Uno Bianca, i fratelli Savi nello stesso carcere. I familiari delle vittime: «Grave ferita»

3 Gen 2018 15:42 - di Redazione

Fabio Savi e il fratello Roberto sono nello stesso carcere a Bollate (Milano). La notizia, alla vigilia della commemorazione dell’eccidio del Pilastro, è confermata dall’avvocato di Fabio Savi, Fortunata Copelli. “Il mio assistito – spiega Coppelli all’Adnkronos – ha fatto solo una richiesta, quella di essere trasferito, ed è stata accolta: è stato trasferito a Bollate (Milano)” dal carcere di Uta (Cagliari). Nello stesso carcere sta scontando l’ergastolo il fratello di Fabio Savi, Roberto. Tornano vicini, dunque, due dei killer della banda della Uno Bianca che tra il 1987 e il 1994 uccise 24 persone e ne ferì oltre cento tra Bologna, la Romagna e le Marche. La banda era composta dai fratelli Roberto, Fabio e Alberto Savi e da Pietro Gugliotta, Marino Occhipinti e Luca Vallicelli. Ciascuno dei fratelli Savi sta scontando l’ergastolo. I due fratelli sono nello stesso carcere da qualche mese. “Da quello che mi risulta non sono nella stessa sezione” dice stringatamente l’avvocato Copelli. Se i due fratelli volessero incontrarsi, la richiesta di colloquio dovrà essere valutata dal direttore del carcere. Nel 2016 Fabio Savi aveva intrapreso uno sciopero della fame nella casa circondariale di Uta (Cagliari) in cui era detenuto per essere trasferito. Aveva chiesto, infatti, un pc per poter scrivere libri, quindi senza collegamento internet, e di poter svolgere un lavoro per mantenersi, tutte cose che si possono ottenere in una casa di reclusione e non in una casa circondariale come quella del Cagliaritano. Il legale di Fabio Savi non ha voluto rilasciare commenti in concomitanza con la commemorazione dell’eccidio del Pilastro. “Non tocca a me” spiega e aggiunge: “Dal punto di vista giudiziario per Fabio Savi non è cambiato nulla, siamo fermi”

A ventisette anni dall’eccidio del Pilastro, nel quale morirono i carabinieri Mauro Mitilini, Andrea Moneta e Otello Stefanini, uccisi dai proiettili della banda della Uno Bianca, “questa è una ferita ancora aperta”. A parlare è Rosanna Zecchi, moglie della prima vittima della banda e presidente dell’associazione delle vittime. “Prima di tutto per coloro che vennero feriti, che quelle ferite le hanno ancora addosso – spiega Zecchi -. La banda sparava con pallottole che si espandevano nel corpo e molti portano ancora i residui di quelle pallottole e, dico la verità, stanno veramente male”. E poi, dice Zecchi, “loro non si sono mai pentiti”. Oltre ai 102 feriti, continua la presidente dell’associazione vittime della Uno Bianca, “ci sono quei 24 morti.

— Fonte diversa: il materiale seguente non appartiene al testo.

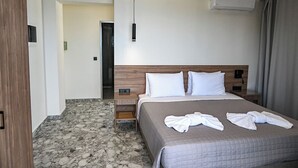 Una habitación de hotel con una cama, una mesita de noche, un cabecero de madera, un aire acondicionado instalado en la pared y una puerta que da a otra habitación.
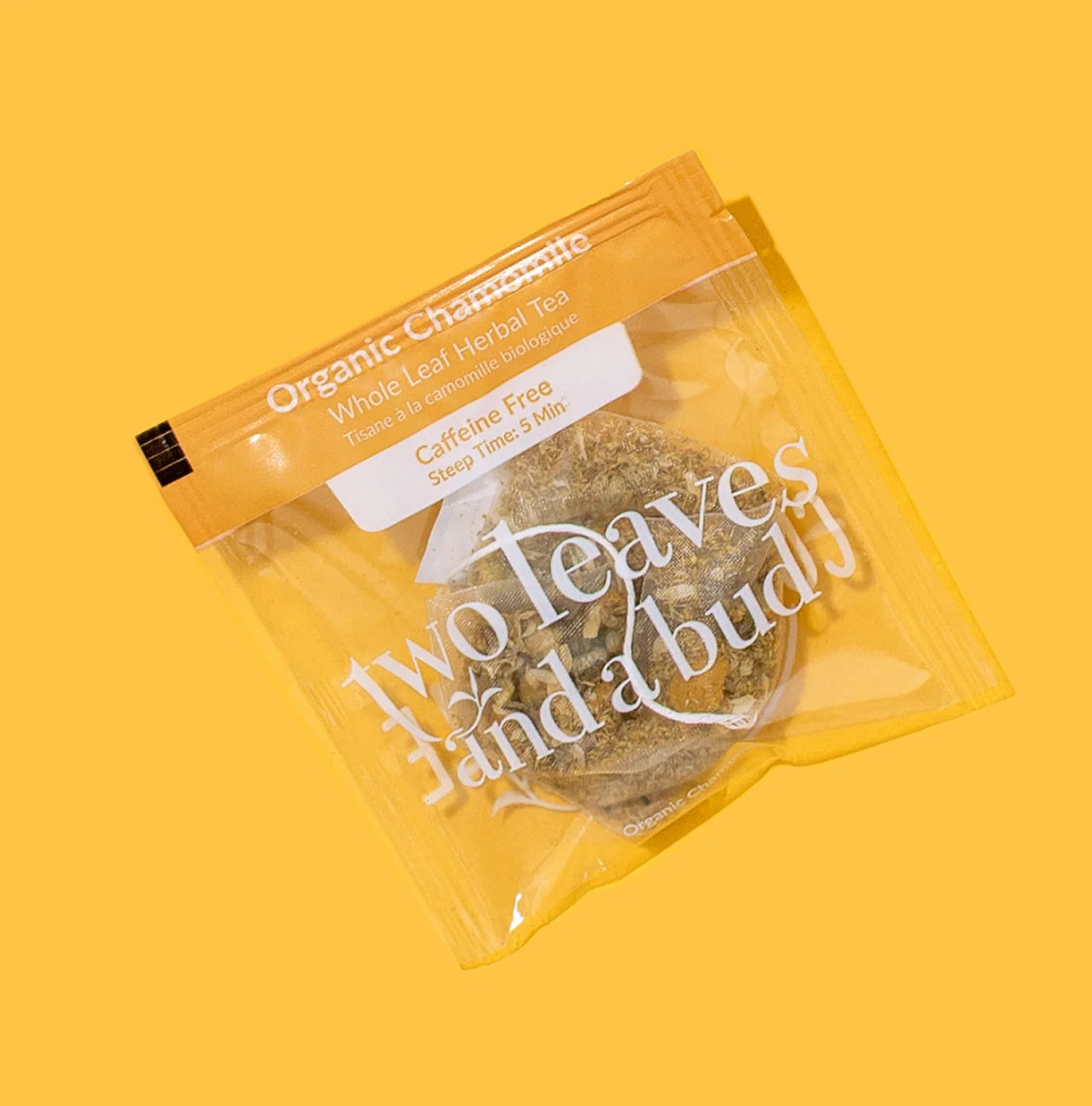 Packaged organic herbal tea with text on a yellow background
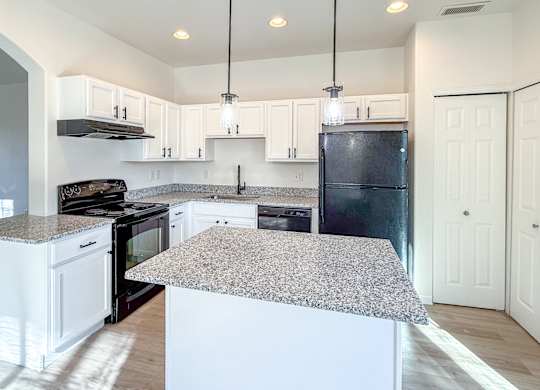 A kitchen with a granite countertop and a black refrigerator.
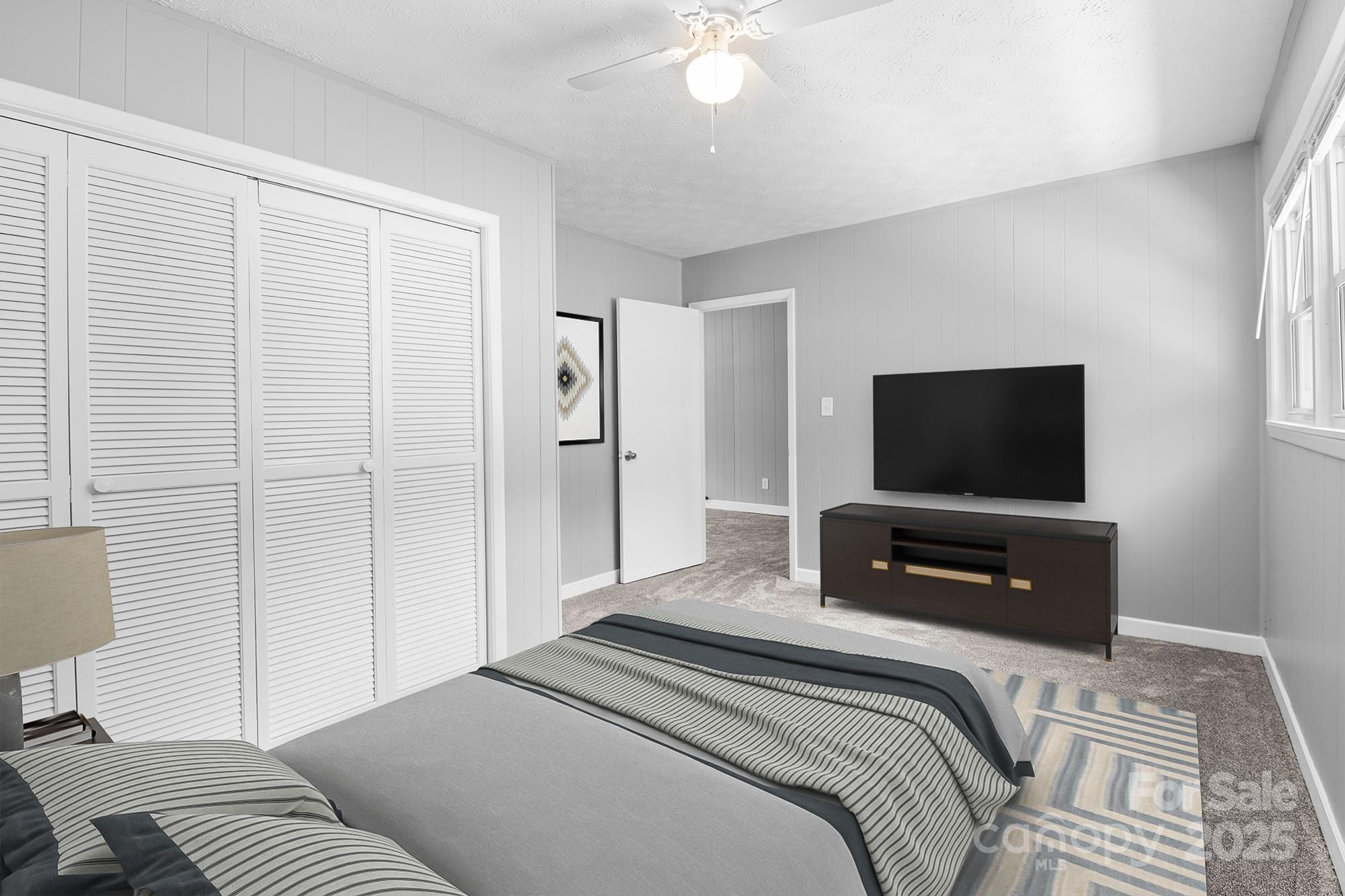 111 Curtis Creek Road Candler, NC 28715 - Photo 7 of 28 a bedroom with a bed and a flat screen tv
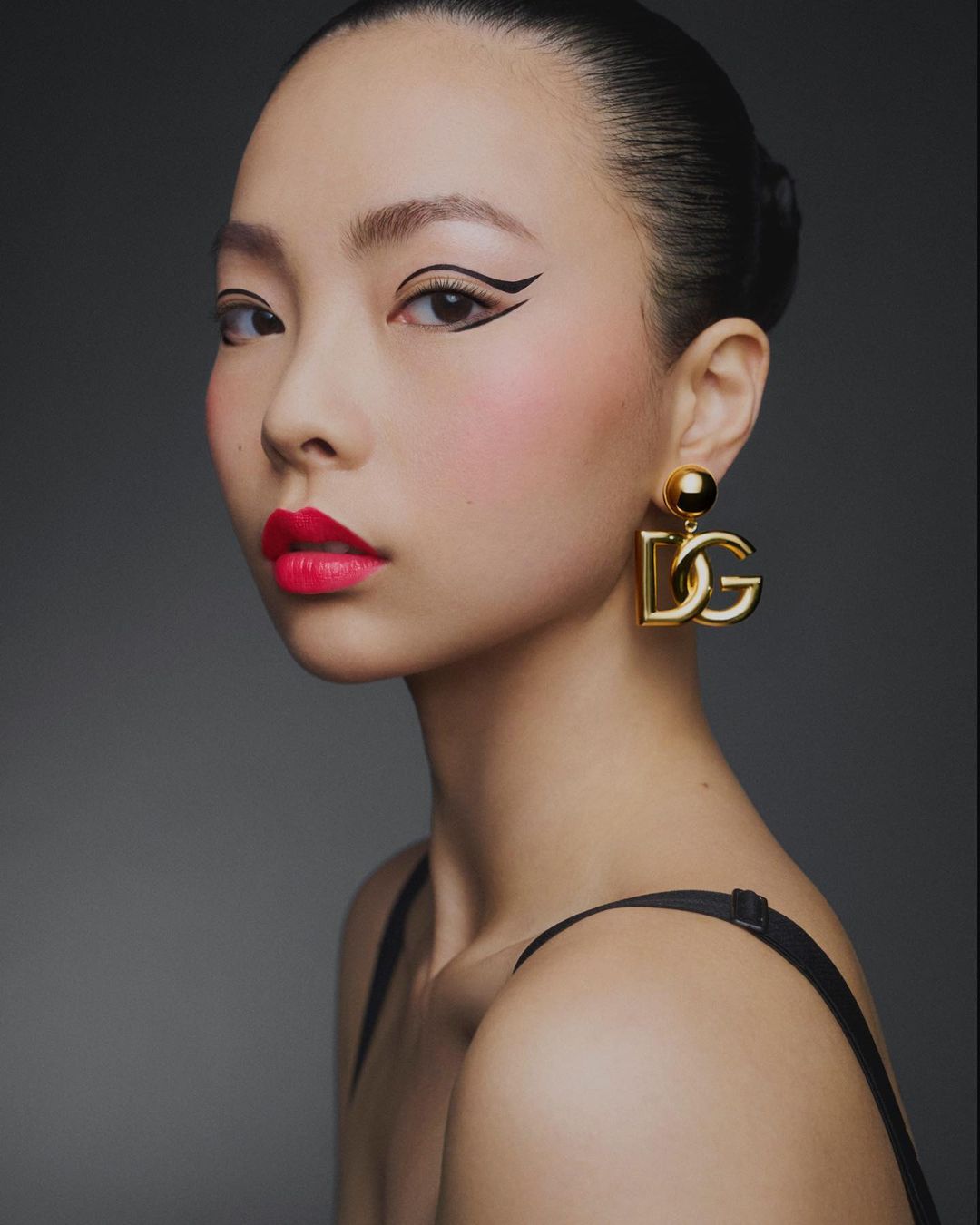 Close-up beauty shot of a young Asian woman with dramatic winged eyeliner and bright red lips wearing large gold Dolce & Gabbana earrings.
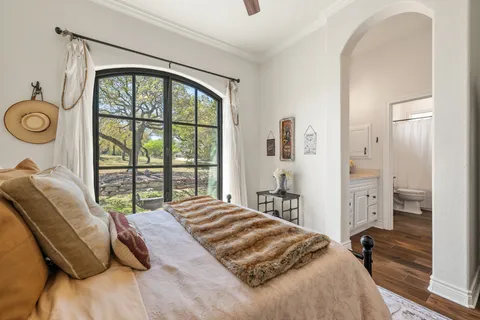 a bathroom with a granite countertop sink a toilet and a mirror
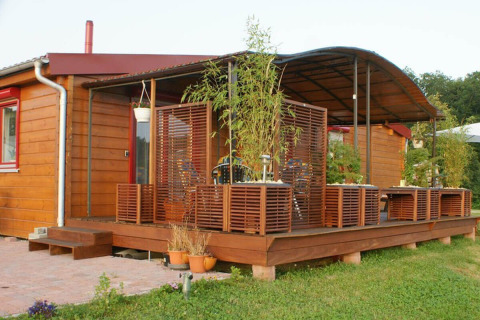 Bungaló de madera con terraza cubierta y plantas en Camping & Vakantiepark Orsingen, Baden-Württemberg.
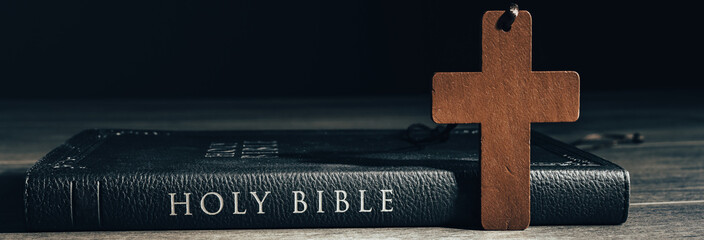 Holy Bible and wooden cross on table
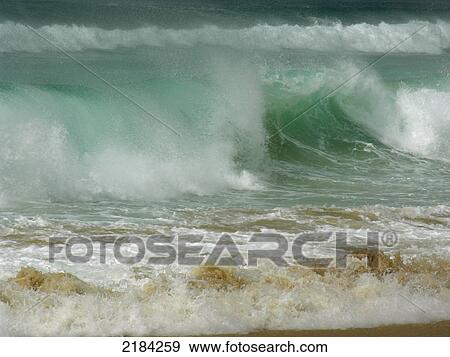 Waves on beach View Large Photo Image Stock Photo - Waves on beach . Fotosearch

La banda ci ha causato un danno enorme. E non è che passi. Si va avanti perché dobbiamo andare avanti, per i nostri figli e per i nostri nipoti, ma dire che si vada avanti bene questo no, non possiamo dirlo”. Il dolore, racconta Zecchi, “c’è sempre, è un dolore continuo”.

In questi anni, racconta la vedova di Primo Zecchi, il coraggioso pensionato che venne ucciso il 6 ottobre del 1990 poiché testimone di una rapina commessa dalla banda, “gli enti territoriali ci sono stati vicino, hanno fatto sì che la cittadinanza ricordasse, così come non hanno mai dimenticato i carabinieri, che 27 anni fa hanno perso cinque dei loro ragazzi, giovani in gamba, trucidati in quel modo senza pietà. Ma chi ha commesso crimini di quel genere deve rimanere in carcere. Io non accetto che ottengano permessi premio e che poliziotti con la divisa abbiano potuto tradire così lo Stato e i cittadini che dovevano tutelare”.   “Io li ho visti in tribunale – spiega Zecchi – nessuno di loro si è pentito, avevano il sorriso sulle labbra e chissà, forse ci schernivano. Noi eravamo lì con le lacrime agli occhi per quello che dicevano, però non ho visto un pentimento e sono convinta che non si siano pentiti”. Per questo, sottolinea, “noi stiamo combattendo questa battaglia: lo facciamo anche per la società civile”.